Sebagai akibatnya, mereka seringkali tidak memahami apa yang sebenarnya dimaksud oleh pembicara yang tergambarkan secara kontekstual, emosional ataupun perilaku terkait dengan apa yang dikatakannya.
Selain itu, survei tersebut juga menyebut 13 persen orang mengaku bahwa jika mereka kehilangan catatan digital mereka, maka mereka akan mengalami kebingungan.
Penelitian Kaspersky Lab juga menemukan bahwa banyak pelaku bisnis profesional yang bersedia untuk tidak mendengarkan secara aktif dalam pertemuan dan menggantinya dengan hal yang lebih mudah seperti mengetik catatan dan memiliki catatan real-time dari rapat atau presentasi.

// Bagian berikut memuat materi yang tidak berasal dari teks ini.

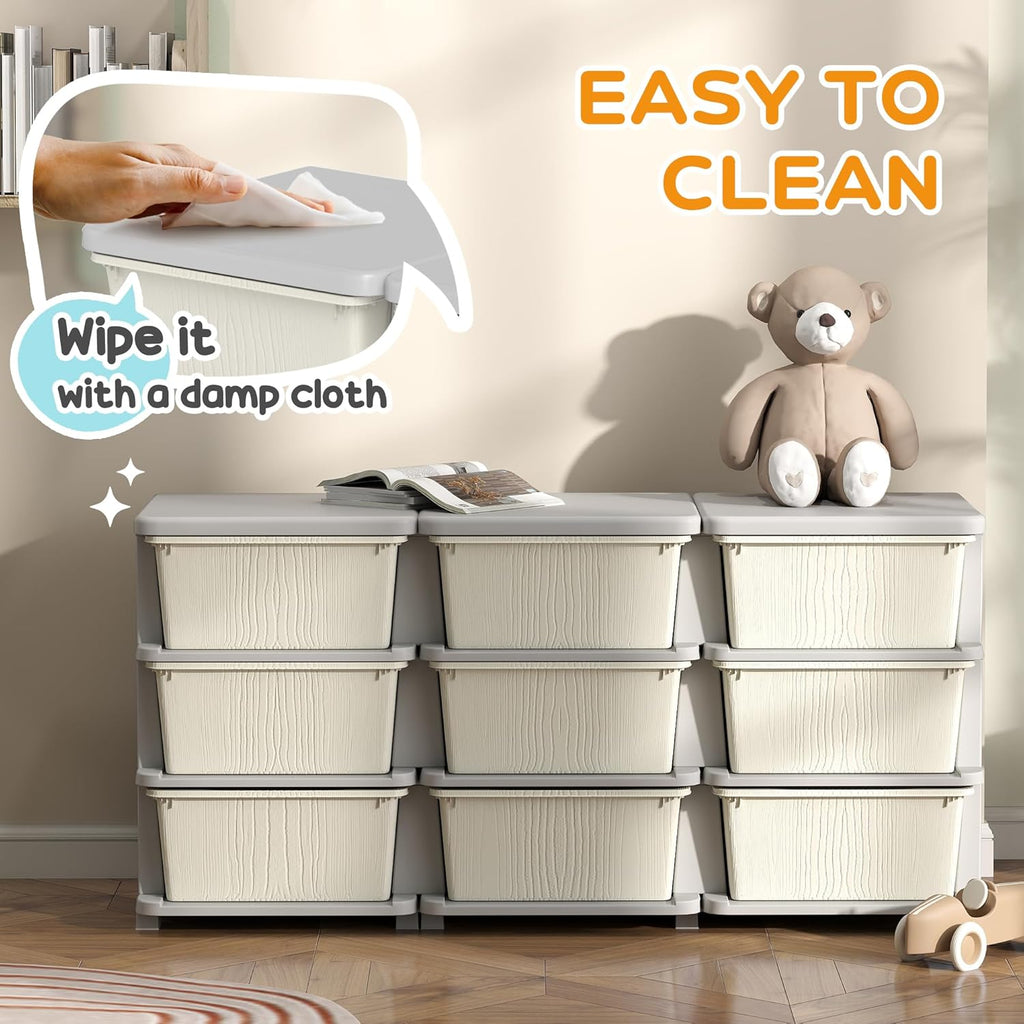 Qaba 3 Tier Kids Storage Unit, 9 Drawer Chest Toy Organizer Plastic Bins for Kids Bedroom Nursery Kindergarten Living Room for Boys Girls Toddlers, Cream White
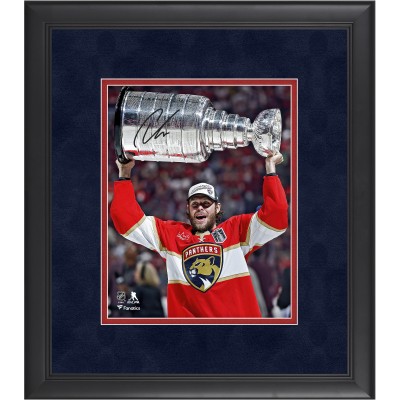 Carter Verhaeghe Florida Panthers Autographed Fanatics Authentic 2025 Stanley Cup Champions Framed 8 x 10 Raising Cup Photograph
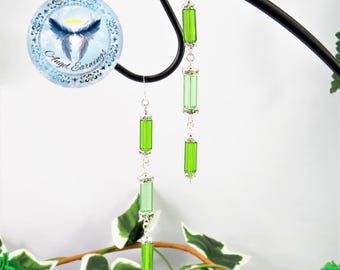 Green Treasures - Bead Earrings - Tube Beads - Green Glass - Silver Plated - Hypoallergenic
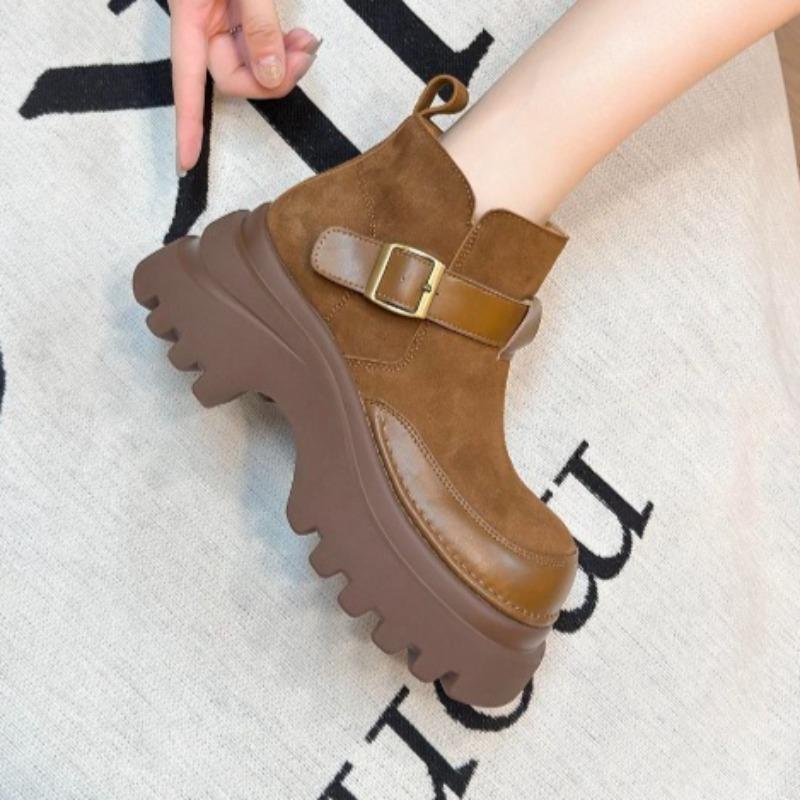 Fashion Ankle Boots for Women High Heels Fashion Buckle Shoes 2025 Designer Suede Winter Short Boots Cozy Dress Pumps Casual Zapatillas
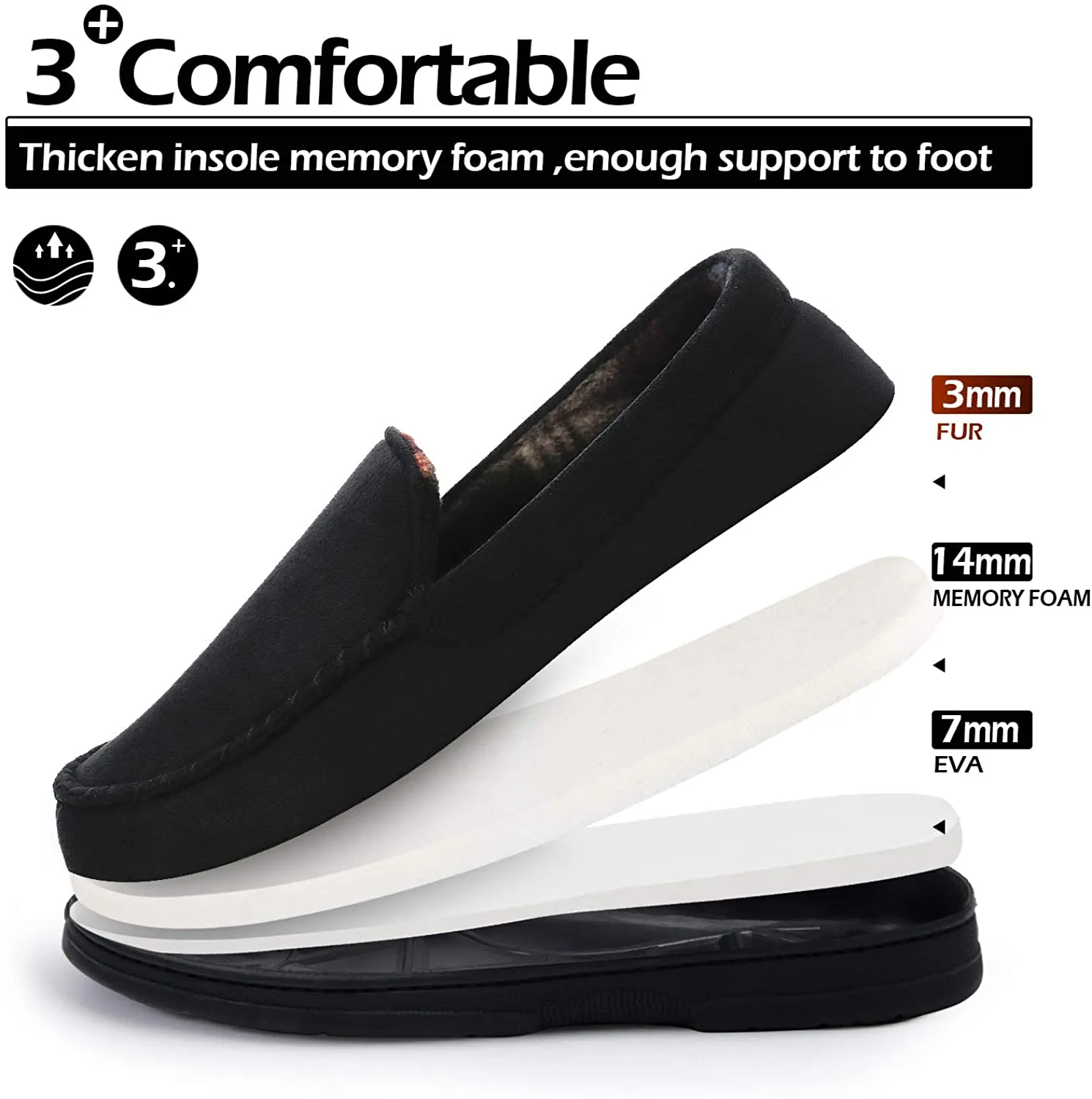 mysoft Men's Moccasin Slippers Memory Foam Warm Cotton Winter House Shoes Anti-Slip Sole Indoor/Outdoor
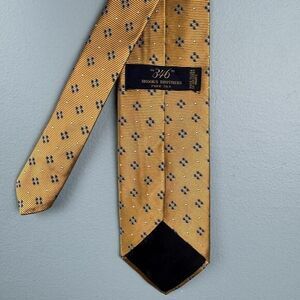 Brooks Brothers 346 Gold‎ Blue Circle Dots Silk 3" Neck Tie USA Made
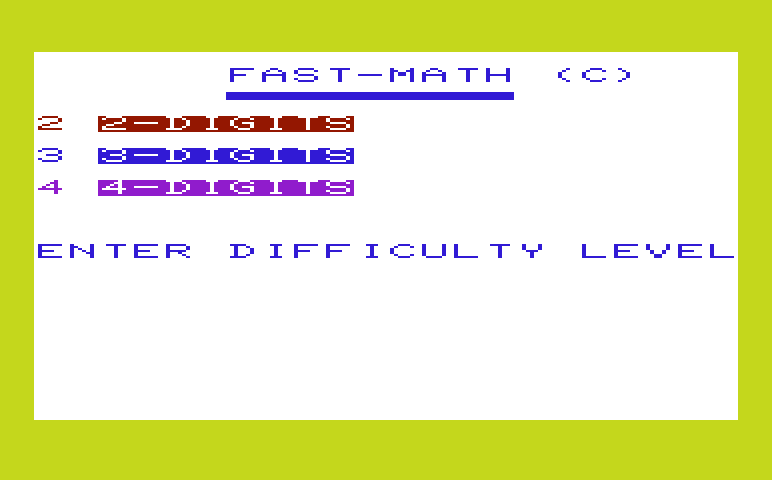 Math Book I Commodore VIC-20 Screenshot: Fast Math - Difficulty level.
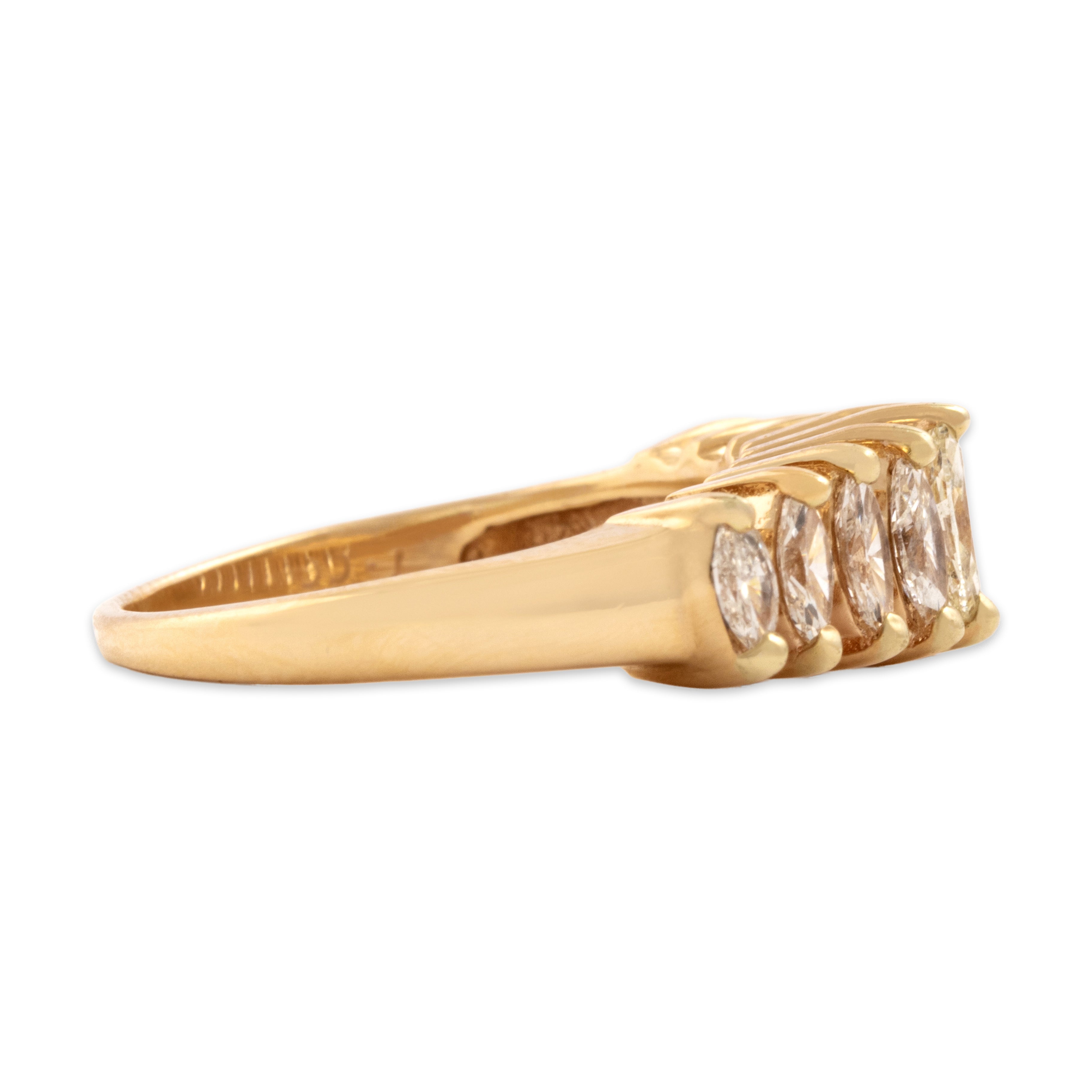 Vintage 14k Yellow Gold [Custom Carat] Stunning Marquise Line Ring - Side view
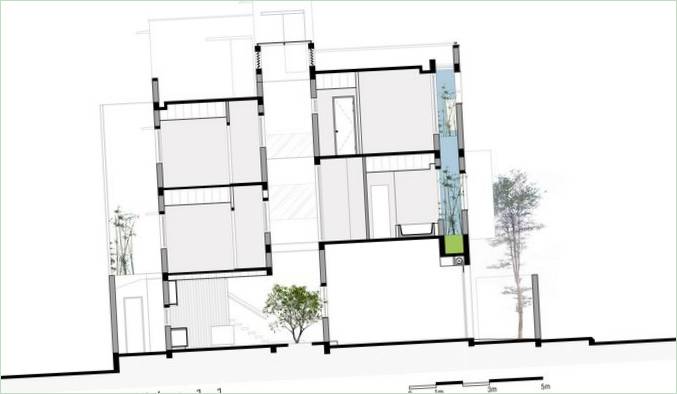 Plan d'une maison inhabituelle BQ-17 par 23o5 Studio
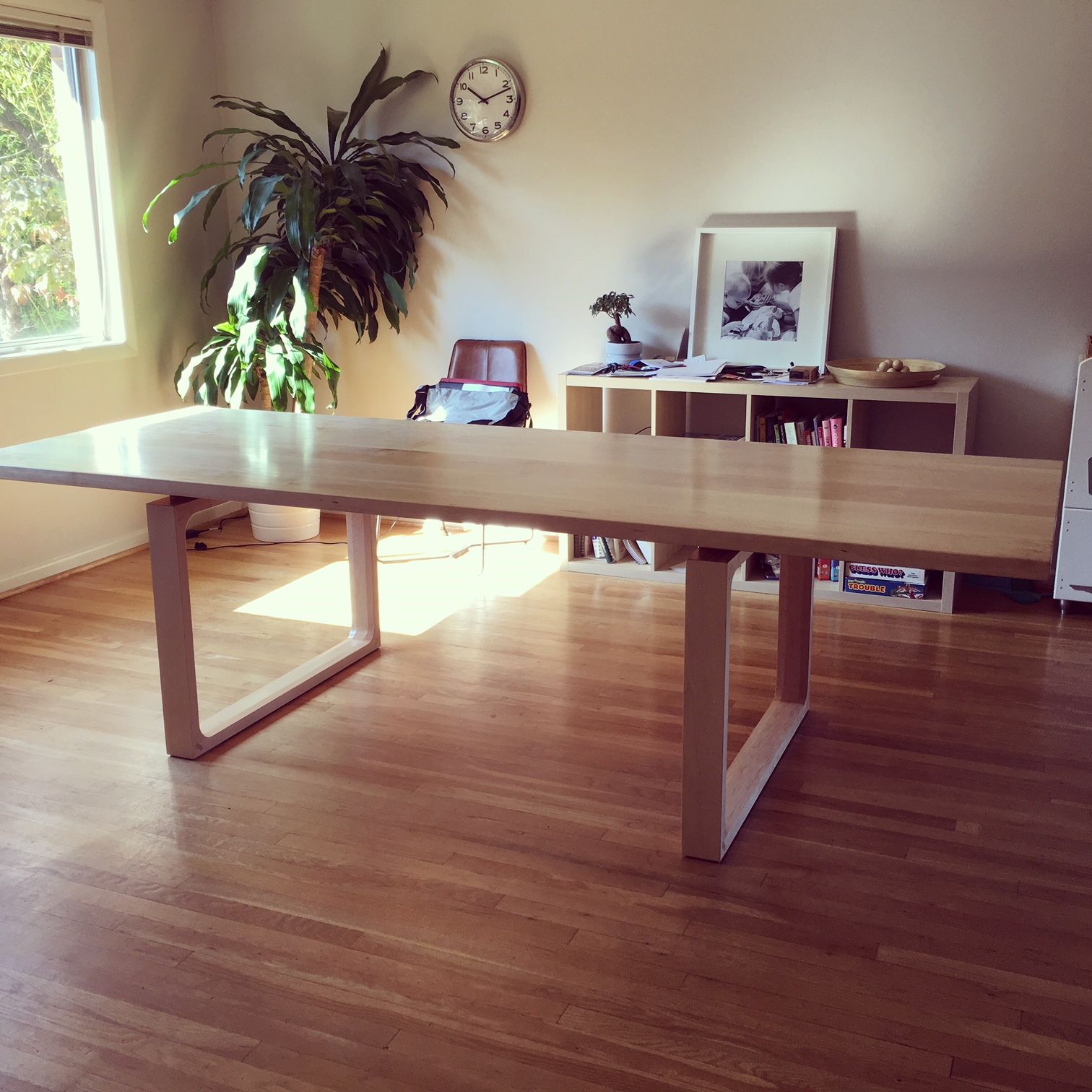 Hand Crafted Minimalist Modern Dining Table In Maple by Mark Palmquist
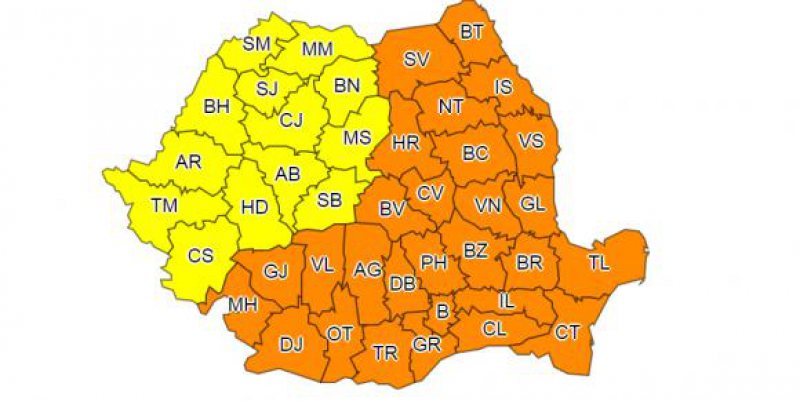 ATENȚIONARE METEO: Cod portocaliu de ger extrem în aproape toată țara ATENȚIONARE METEO: Cod portocaliu de ger extrem în aproape toată țara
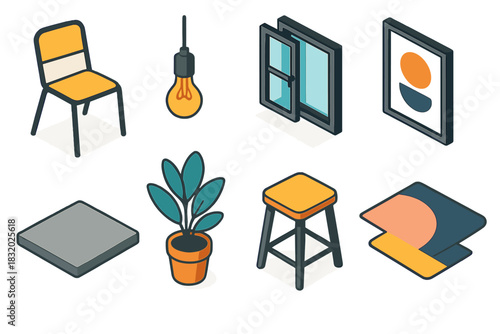 Urban Loft Icons. Urban Minimal Loft flat icons set. metal chair, exposed bulb, open window, framed print, concrete floor, indoor plant, stool, modern rug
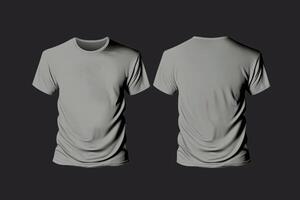 Photo realistic male grey t-shirts with copy space, front and back view.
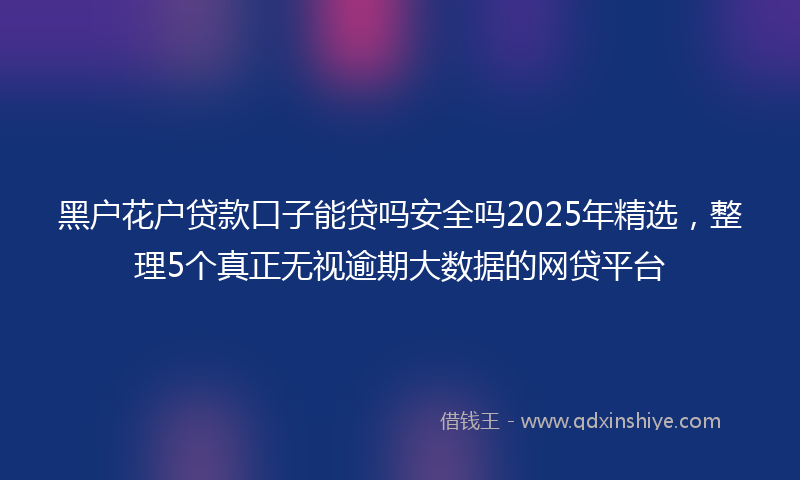 黑户花户贷款口子能贷吗安全吗2025年精选，整理5个真正无视逾期大数据的网贷平台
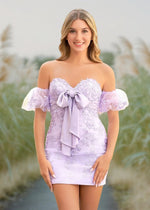Amber | Bodycon Lavender Lace Strapless Detachable Puff Sleeves Homecoming Dress Bow - Lavender - PromDressClub
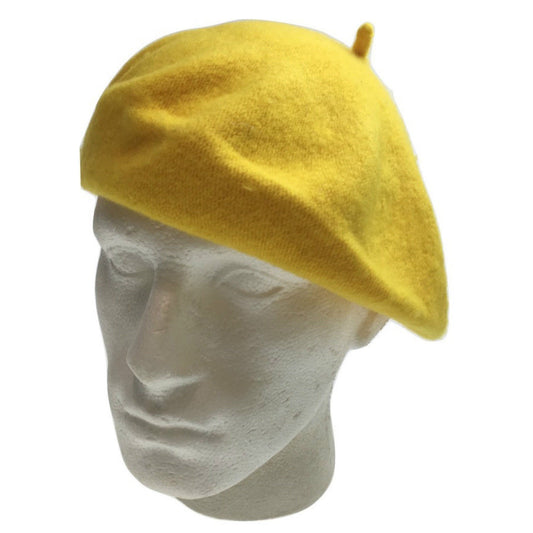 Unisex FRENCH BERET HAT sboy Military Cap Winter Warm Army Style Beanie - Yellow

Empat puluh enam persen dari mereka yang disurvei percaya bahwa catatan-catatan faktual ini jauh lebih baik dari suara. Enam puluh tujuh persen responden juga setuju bahwa catatan digital lebih mudah untuk dicadangkan dan dibagikan daripada mengandalkan memori.
Banyak orang sangat bergantung pada catatan yang disimpan dalam "memori eksternal". Sayangnya, hal itu justru memberikan celah yang besar untuk serangan bagi rekan-rekan yang tidak suka kepada Anda, saingan dan bahkan penjahat siber.
Jika orang-orang jahat tersebut sebelumnya hanya "menguping", menurut Kaspersky Lab, kini mereka sering kali merusak atau menghapus, atau bahkan diam-diam merubahnya.
"Meskipun hal itu mungkin terdengar menakutkan, bukan berarti semua harapan telah hilang bagi kita. Kita hidup di zaman berteknologi maju dan tidak boleh hanya mengandalkan ingatan kita," tulis Kaspersky Lab.
"Pada saat yang sama, kita juga tidak seharusnya mengeksklusifkan diri kita kepada teknologi saja dan sebisa mungkin menemukan keseimbangan antara keduanya," tutupnya.